In all seriousness, i think one of the problems thats happened with dubstep is that the audience has quite often found so many ways to look back, rather than trust in dubstep's simple formula, or openly coopting and working with emerging forms in other music, it's as if the weight of dance music's history has made it collapse in on itself, the back in the day choices, are too much,.
It's as if dubstep isn't real , it hasn't really answered everyone's utopian prayers, the big giveaway being there is so much dread in it, it's a simple formula which alot of people have mirrored their desires onto, tried to reassemble what really moves them into dubsteps template, and this has essentially made all but the most fwd looking ideas fall apart into opposition and dullness.
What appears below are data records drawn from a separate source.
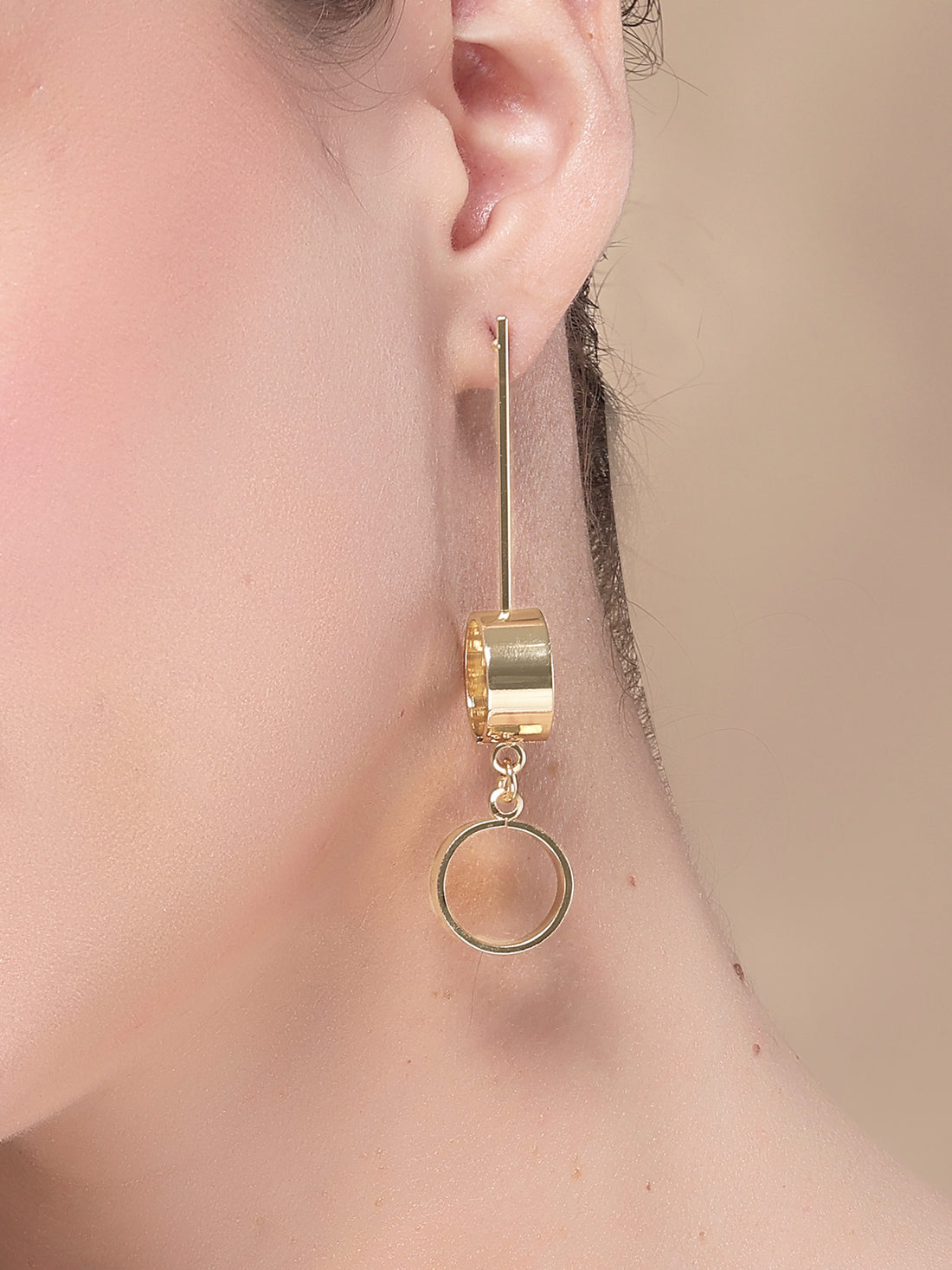 Bohey by KARATCART Gold-Plated Contemporary Drop Earrings for Women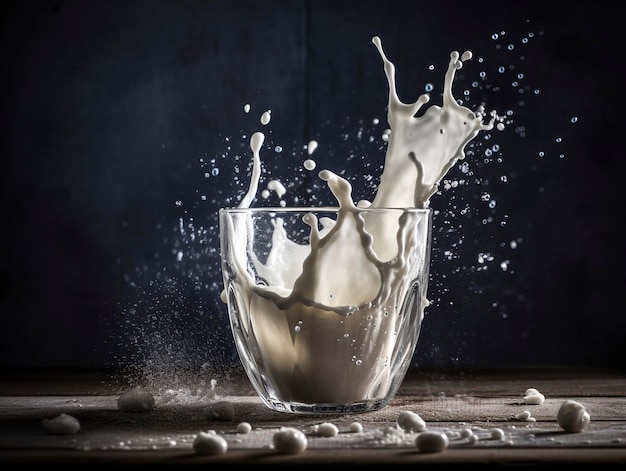 Een glas melk is gevuld met water en rechtsonder staat het woord melk.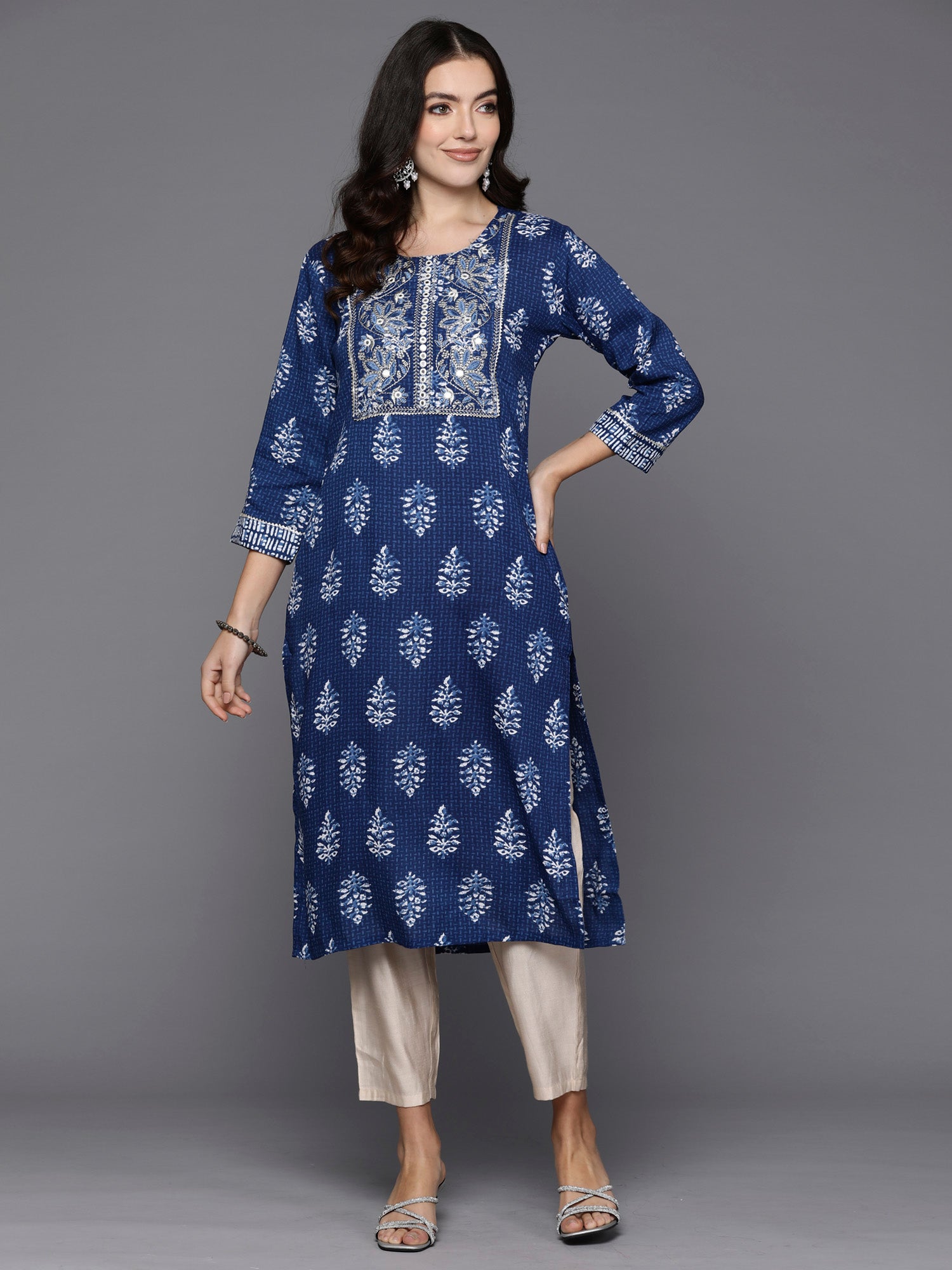 Blue Printed Straight Kurtas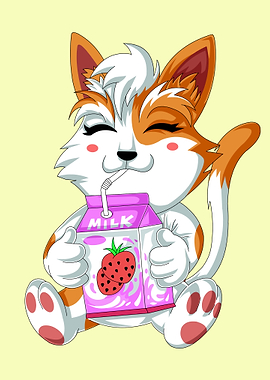 Cute Cat Drinking Strawberry Milk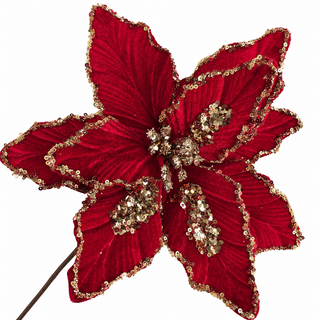 17.5" RED POINSETTIA WITH STEM
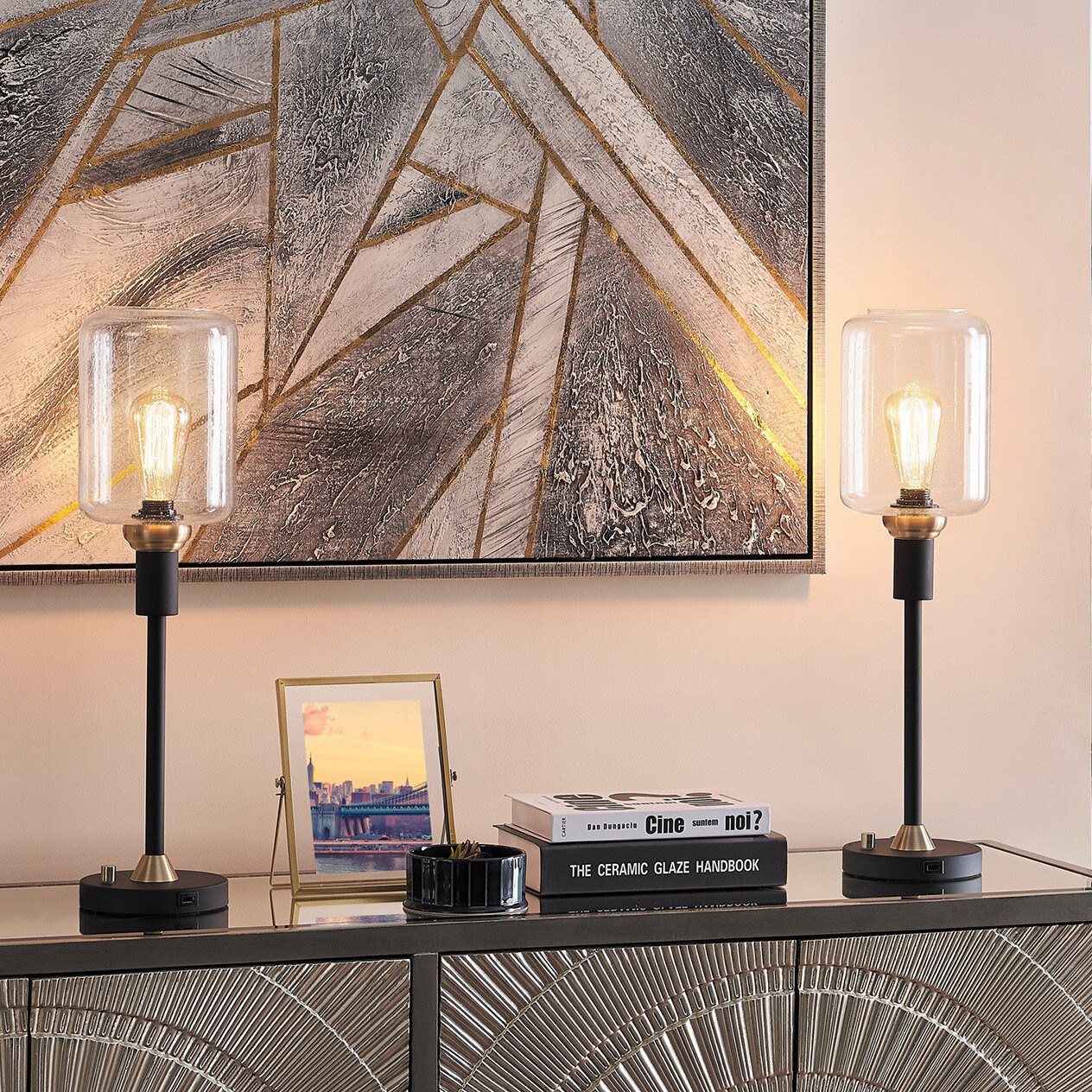 Lievin Metal USB Torchiere Lamp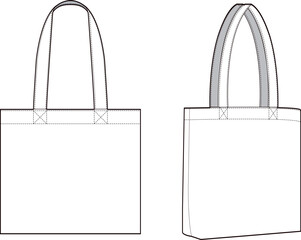 Tote bag fashion flat sketch for tech pack cad - obrazy, fototapety, plakaty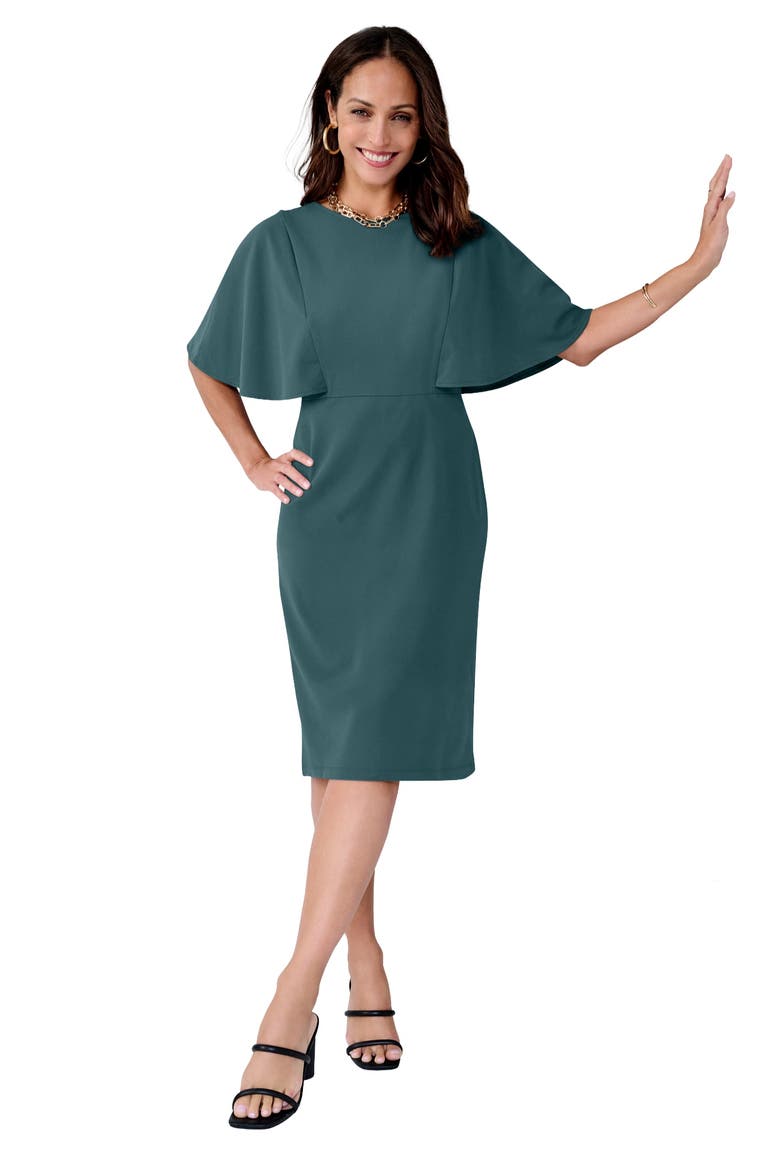 Stretch Crepe Cape Sheath Dress, Main, color, MYSTIC PINE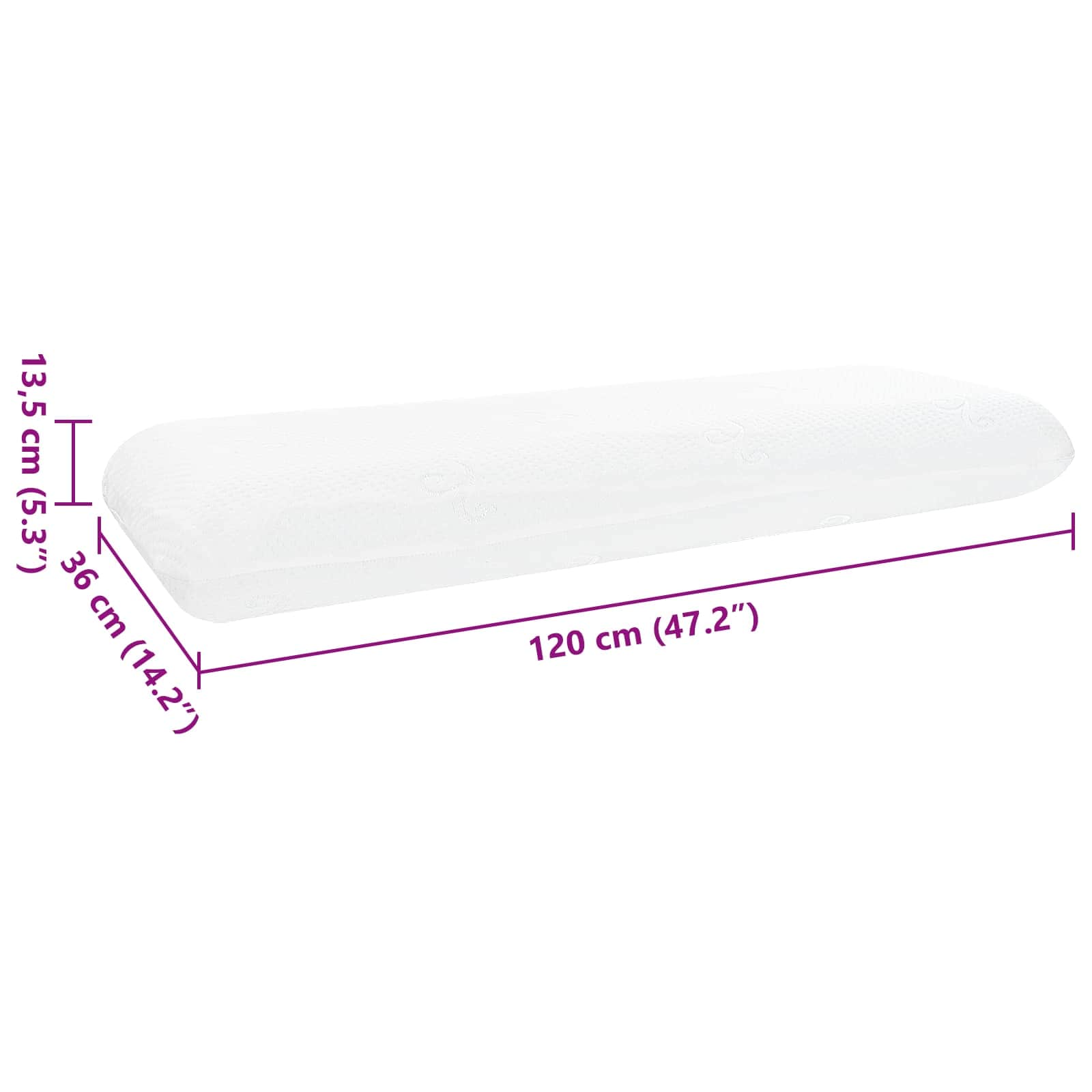 Cuscino da Letto Tinta unita 70 x 36 x 13 cm 42020233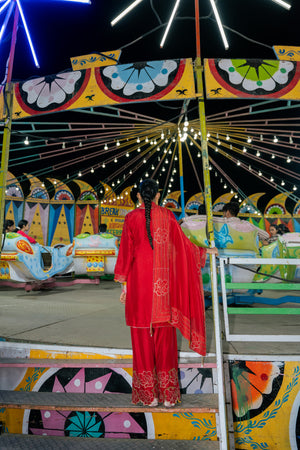 TCT-3001 | Red V-Neck Kurta Set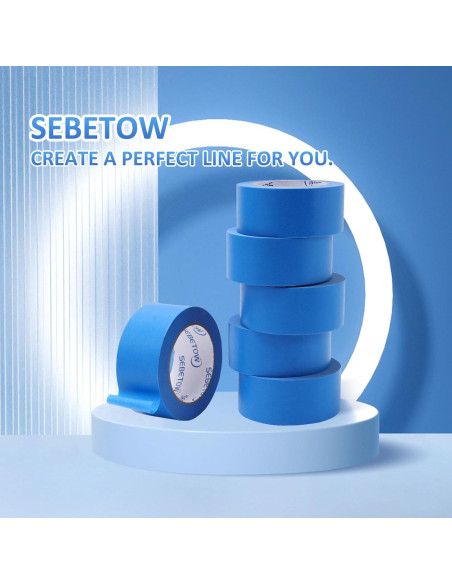 Cinta de Pintor Azul SEBETOW 5 Rollos 2 Pulgadas x 50.29m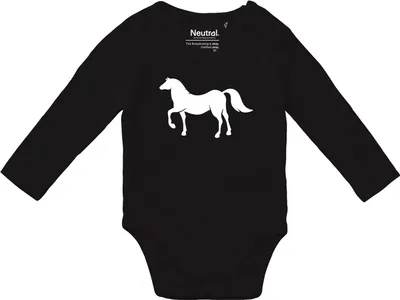 Produktbild von Huuraa Baby Body Pferd Silhouette 68 Black  Baumwolle Fairtrade Langarmbody Geschenkidee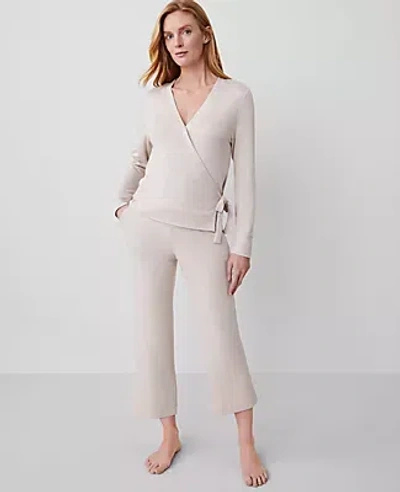 Ann Taylor Heathered  Wide Leg Lounge Pant In Granola Heather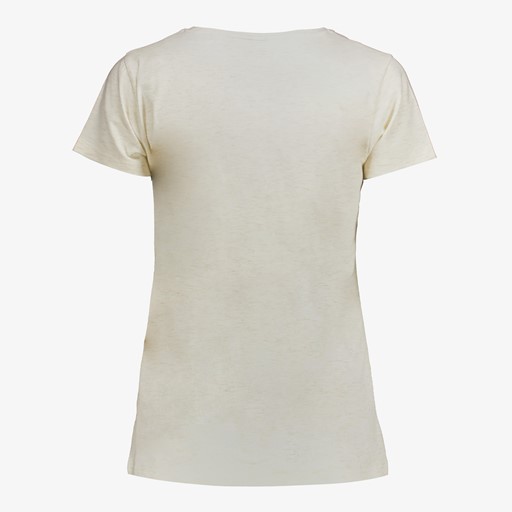 Dames T-shirt crème wit met opdruk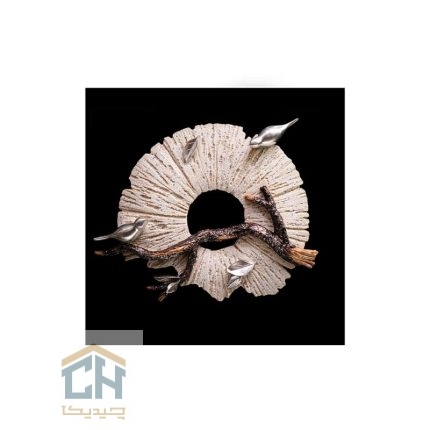 تابلو مربع گلدکیش طرح پرنده نقره ای مدل 2-3240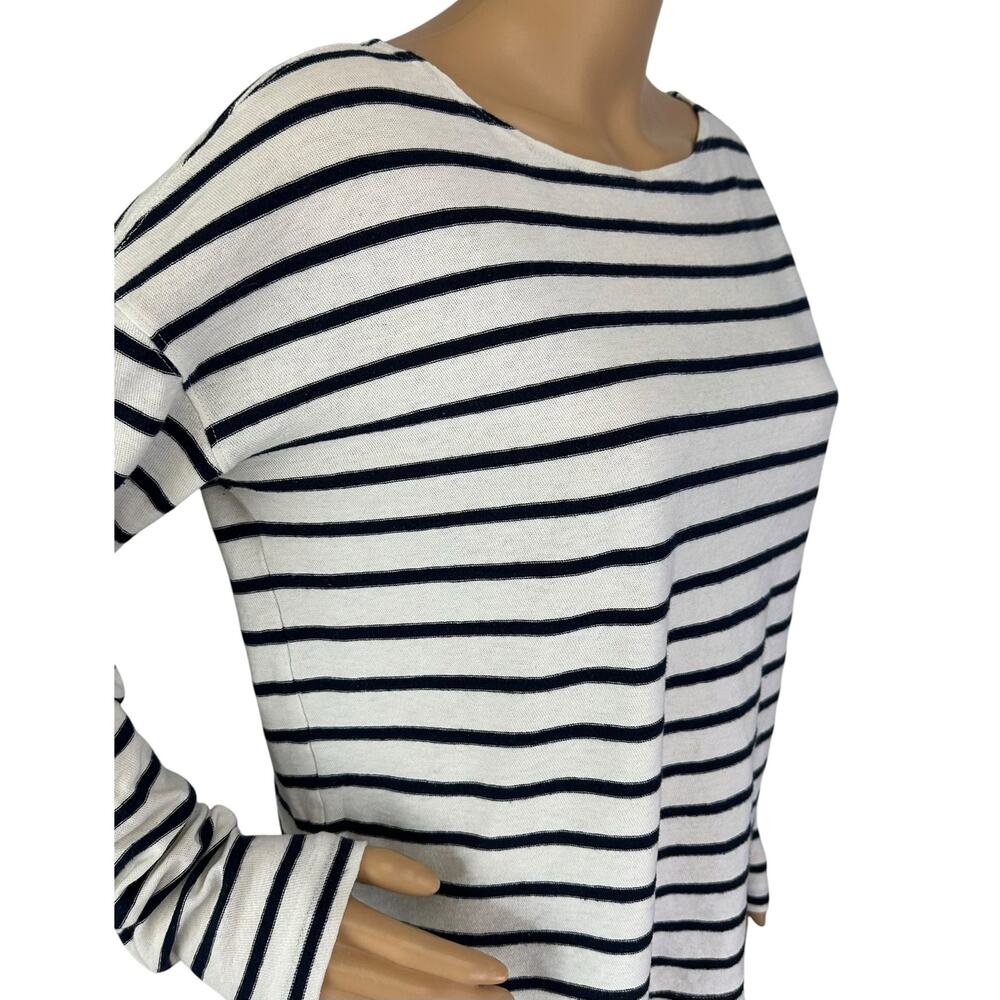 J. Crew Deck Striped Boatneck Shirt Navy White E1143 Size S - Picture 9 of 12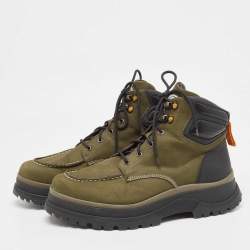 Pre Owned Moncler Green/Black Nubuck and Leather Ulderic Trek Boots Size 45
it's as if the word dubstep has been taken too literally, it's almost ghost music, something like the stone tapes, carrying the sound of old times gone and reproducing in the dynamics of a simplified proscribed technical form, both musically and technically.
 
Last edited:

urbanite

subnoto
I'm a bit disappointed myself...

The thing is I got really excited by dubstep as a movement because I saw it very much like a new kind of hip-hop where originality and pushing the envelope are the main objectives, it seemed to me to be the old slogan reborn just as hip-hop was losing steam for me for some reason. But very early on there were these people especially in the nascent Russian scene who would debate the fact that certain tunes or microstyles are or not dubstep... I guess what we are seeing is just on a much bigger scale a confusion about what is dubstep in the end. People who are used to genre labels defining a certain style of sound can't think of it as a movement. I think most people's conceptions are just too different about what it really is. What defines it? Since the conceptions are so different so are the expectations.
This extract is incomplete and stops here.